Yeah, if you want to do stable diffusion properly on AMD you will need a native Linux install (not in a VM). Running in Windows you will be getting about a quarter of the performance for generations on AMD and training a lora will not go so well. In Linux it will all work OK but require some extra hurdles still for training. I had a 7900XTX for a while and eventually sold it for an RTX 4080 and everything is now great in Windows without issue.
It's a shame as the rocm stuff and larger vram sizes should make AMD competitive but it's just not supported by most AI tools particularly well and after over a year the rocm for Windows implementation still hasn't made it through all the needed components for a proper SD experience.
For now though I'm using civitai to train, it's one of their paid features: 50 cents per LoRA. You upload a zip file with images + text files with descriptions, it trains for about an hour then presents ten versions of the LoRA at different training levels to download. They encourage you to publish the LoRA but it's not required, I didn't publish anything.
Re: performance, the SDXL turbo models range of models made a huge difference, they stabilize much more quickly, i.e. need fewer iterations. Before the turbo models I was mostly generating with 20 iterations, the base SDXL turbo model works fine with 1, the "DreamShaper XL" model that I'm currently using seems to work best with 4 iterations --> about 4.5 seconds for a full image generation on my setup. This works well for exploratory generation, or I can do a batch run over some hours to generate many thousands of images to give a high chance of finding what I want.

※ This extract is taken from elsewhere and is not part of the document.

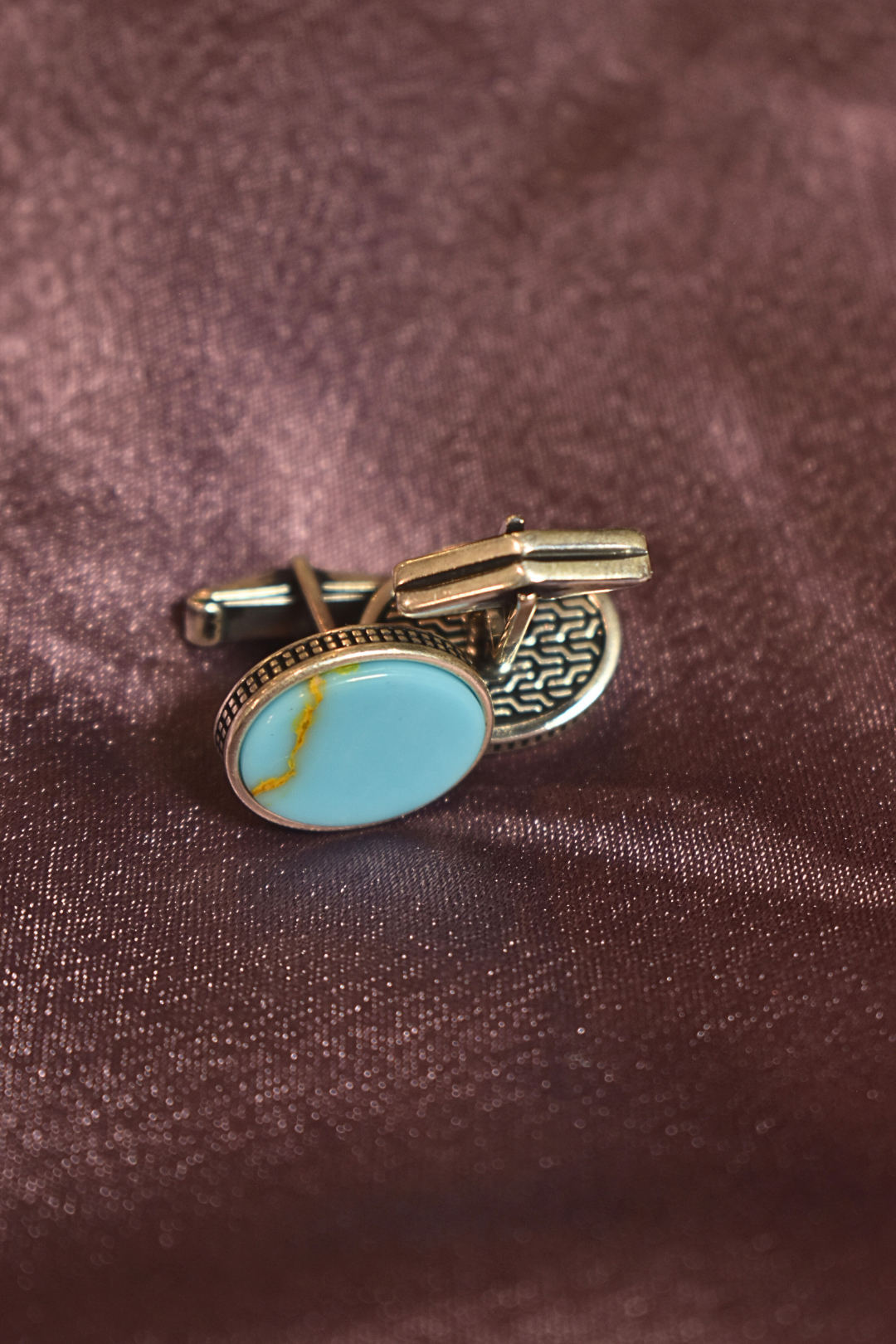 Turquoise Oval Stone Cufflinks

For now though I'm using civitai to train, it's one of their paid features: 50 cents per LoRA. You upload a zip file with images + text files with descriptions, it trains for about an hour then presents ten versions of the LoRA at different training levels to download. They encourage you to publish the LoRA but it's not required, I didn't publish anything.

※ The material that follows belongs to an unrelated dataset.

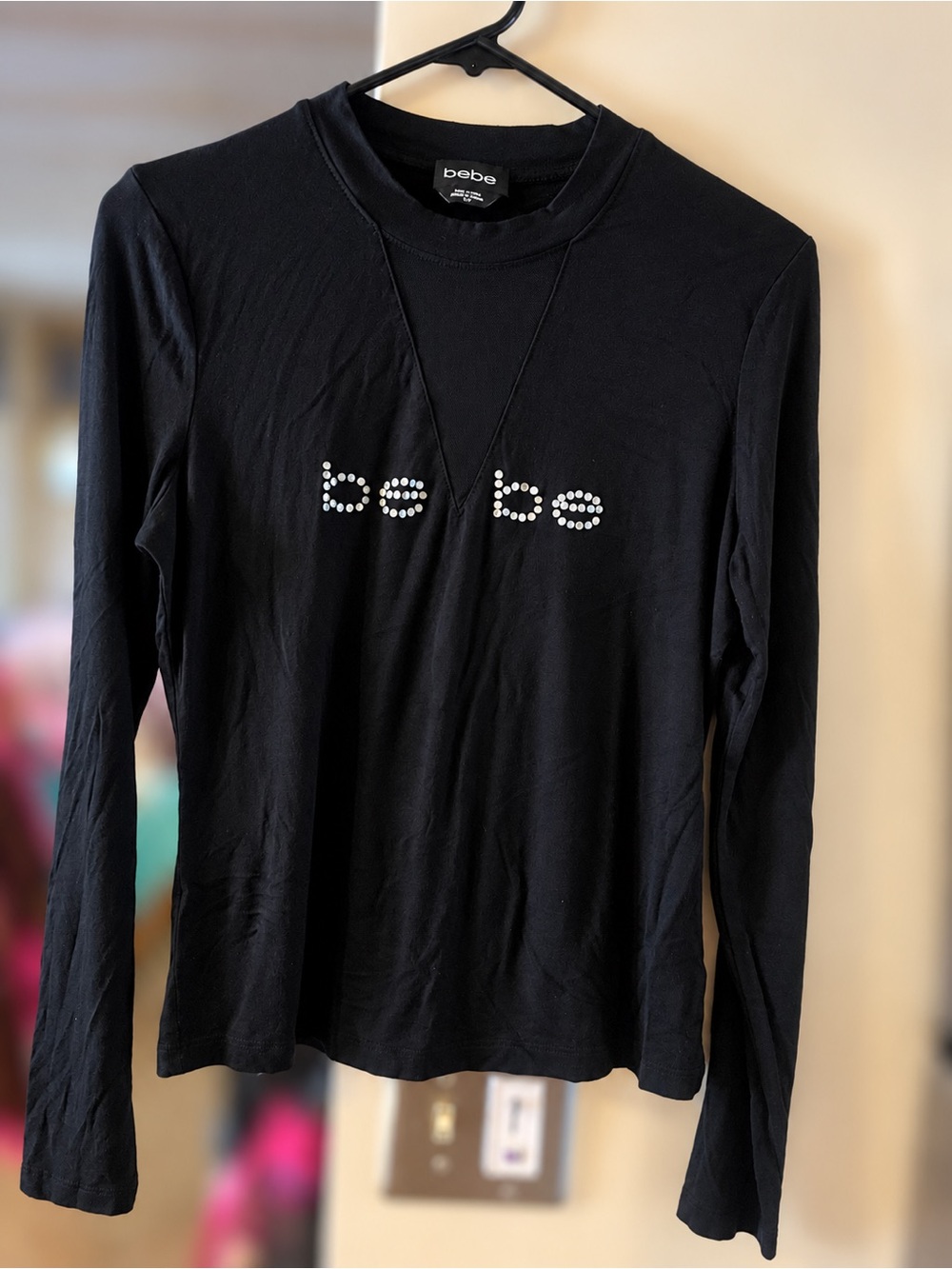 Bebe Black Long-Sleeve Logo Tee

Re: performance, the SDXL turbo models range of models made a huge difference, they stabilize much more quickly, i.e. need fewer iterations. Before the turbo models I was mostly generating with 20 iterations, the base SDXL turbo model works fine with 1, the "DreamShaper XL" model that I'm currently using seems to work best with 4 iterations --> about 4.5 seconds for a full image generation on my setup. This works well for exploratory generation, or I can do a batch run over some hours to generate many thousands of images to give a high chance of finding what I want.

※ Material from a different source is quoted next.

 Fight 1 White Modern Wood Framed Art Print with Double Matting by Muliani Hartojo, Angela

I assume you're in Linux for the actual stable diffusion part. The lora guide looks OK but is only a guide for Linux. Kohya_ss hasn't made it to Windows for AMD rocm yet.
Before seeing this thread. Let me know if you have any questions about training locally. I finetuned the full SDXL Base Model locally using Kohya with full fp16 training to fit on my 4090 and then extracted the LoRA from the final model.
While I personally train on Linux because it's just better for training machine learning models, Kohya definitely does work on Windows and I have used it as such:
If you do not own your own 3090 or 4090, that guide will explain how to provision cloud hardware which you can use to train a model. Do note though that 24GB is sufficient when using full fp16 training, so you don't necessarily need to spring for a 48GB card.